**** THE DATA ****

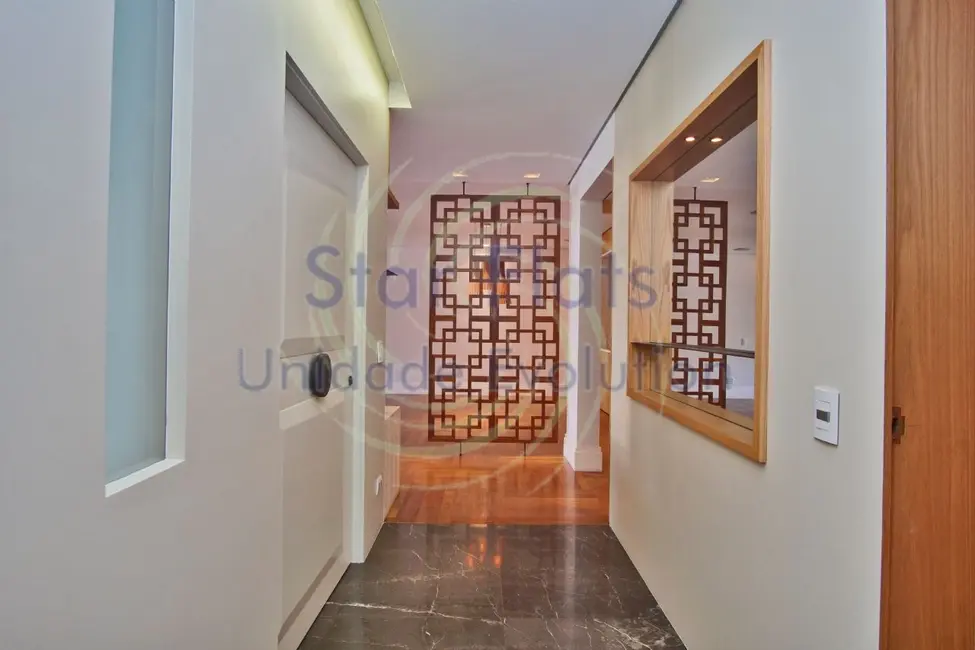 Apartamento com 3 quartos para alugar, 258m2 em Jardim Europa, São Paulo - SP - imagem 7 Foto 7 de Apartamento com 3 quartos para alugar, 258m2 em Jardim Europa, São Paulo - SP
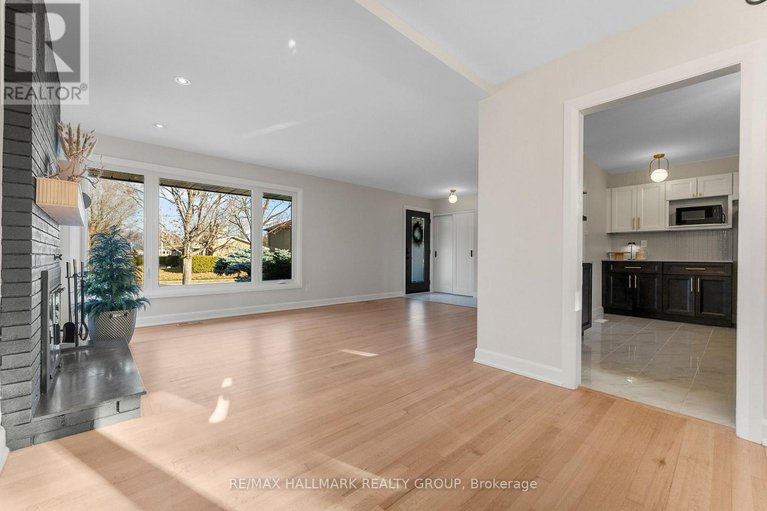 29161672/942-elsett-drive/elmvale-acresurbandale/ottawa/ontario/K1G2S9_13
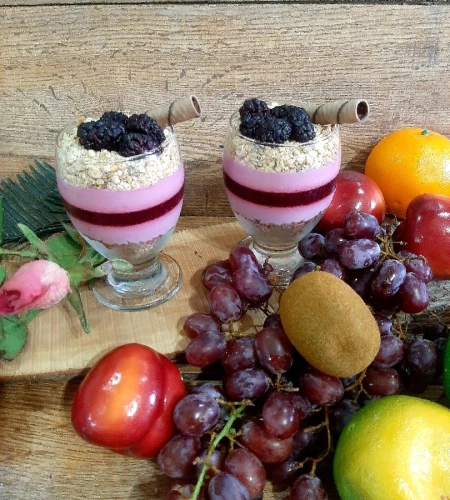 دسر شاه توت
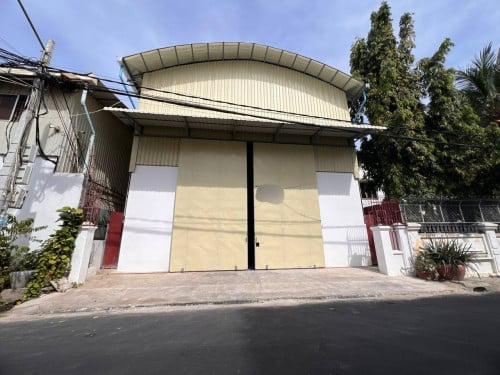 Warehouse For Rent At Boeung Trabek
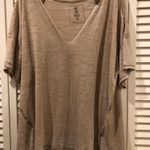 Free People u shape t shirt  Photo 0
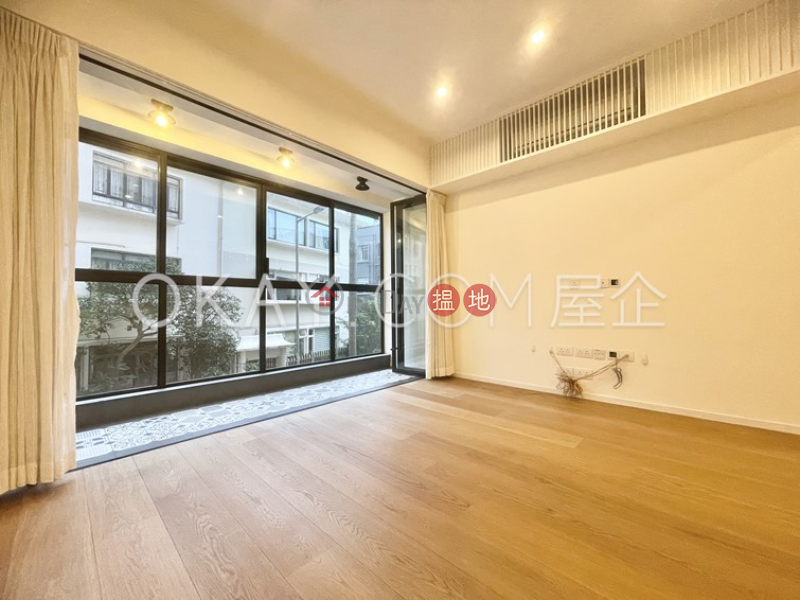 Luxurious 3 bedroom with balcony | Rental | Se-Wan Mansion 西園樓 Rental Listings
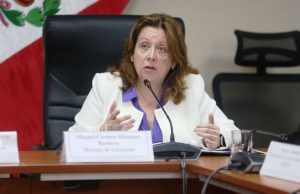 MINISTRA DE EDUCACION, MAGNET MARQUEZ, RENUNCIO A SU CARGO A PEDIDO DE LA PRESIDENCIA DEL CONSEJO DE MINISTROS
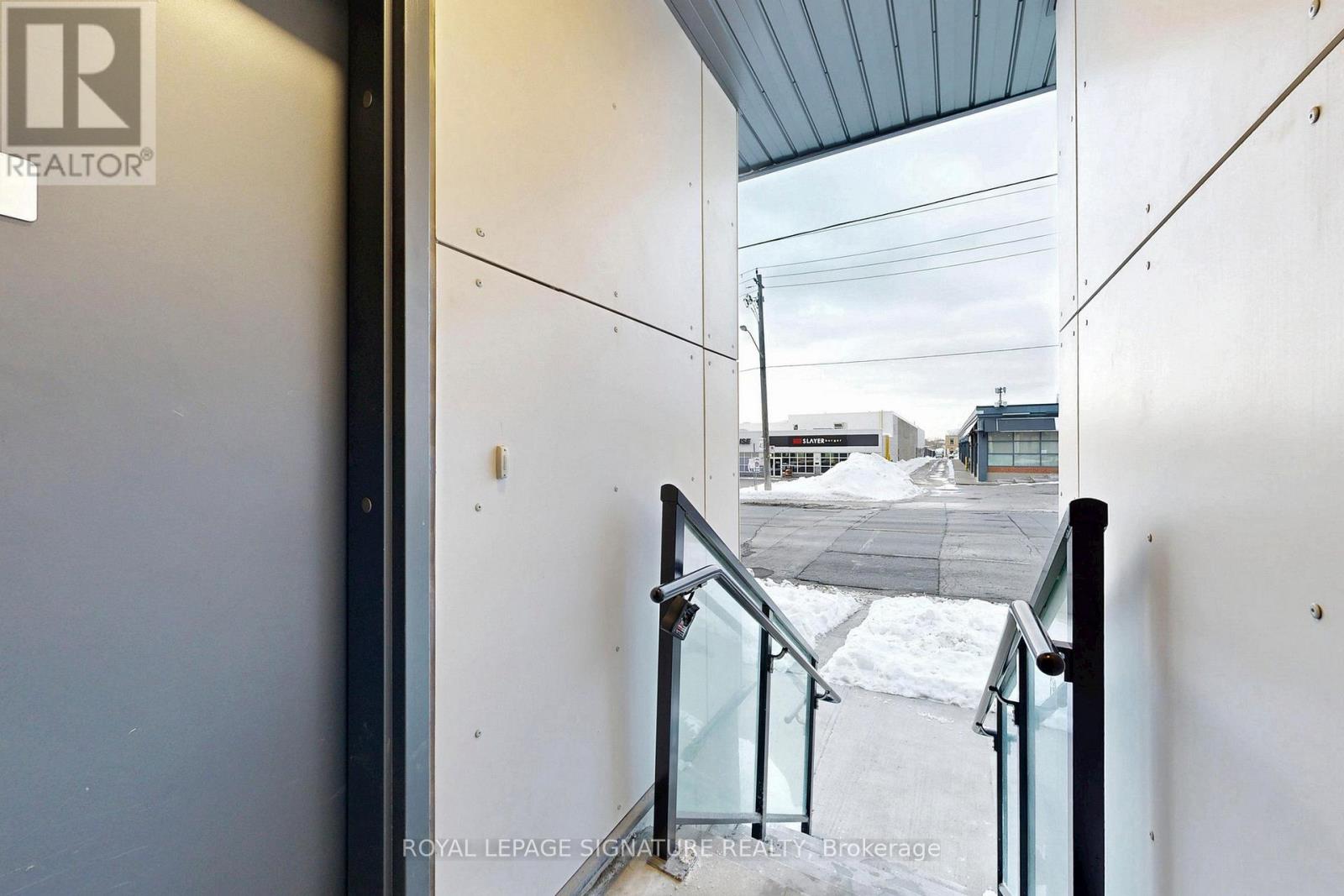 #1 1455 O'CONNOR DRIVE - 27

****

Since the copy must hold no pictures, repeat everything else in the records exactly as written.

 Apartamento com 3 quartos para alugar, 258m2 em Jardim Europa, São Paulo - SP - imagem 7 Foto 7 de Apartamento com 3 quartos para alugar, 258m2 em Jardim Europa, São Paulo - SP
 29161672/942-elsett-drive/elmvale-acresurbandale/ottawa/ontario/K1G2S9_13
 دسر شاه توت
 Warehouse For Rent At Boeung Trabek
 Free People u shape t shirt  Photo 0
 Luxurious 3 bedroom with balcony | Rental | Se-Wan Mansion 西園樓 Rental Listings
 MINISTRA DE EDUCACION, MAGNET MARQUEZ, RENUNCIO A SU CARGO A PEDIDO DE LA PRESIDENCIA DEL CONSEJO DE MINISTROS
 #1 1455 O'CONNOR DRIVE - 27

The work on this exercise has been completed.